→ INFORMATION PROVIDED:
<<<<

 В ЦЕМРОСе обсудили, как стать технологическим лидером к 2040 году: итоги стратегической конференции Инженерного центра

>>>>
<<<<

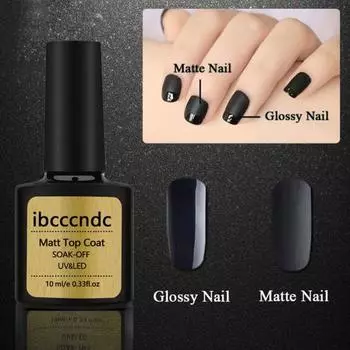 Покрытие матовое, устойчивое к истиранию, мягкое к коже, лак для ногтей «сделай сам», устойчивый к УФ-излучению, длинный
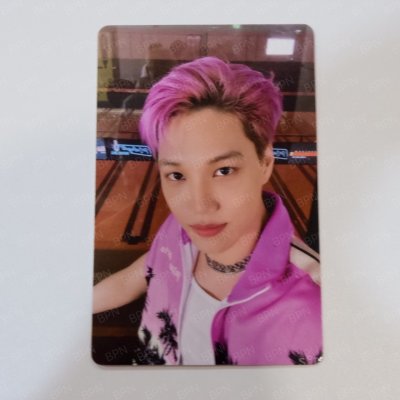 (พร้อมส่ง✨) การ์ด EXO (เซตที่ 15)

>>>>

→ TASK DIRECTIONS:
Reproduce exactly the lines above that run from the one with "Покрытие матовое, устойчивое" to the one with "(พร้อมส่ง✨) การ์ด EXO (เซตที่ 15)", both included, leaving pictures out.

→ YOUR RESPONSE:
 Покрытие матовое, устойчивое к истиранию, мягкое к коже, лак для ногтей «сделай сам», устойчивый к УФ-излучению, длинный
 (พร้อมส่ง✨) การ์ด EXO (เซตที่ 15)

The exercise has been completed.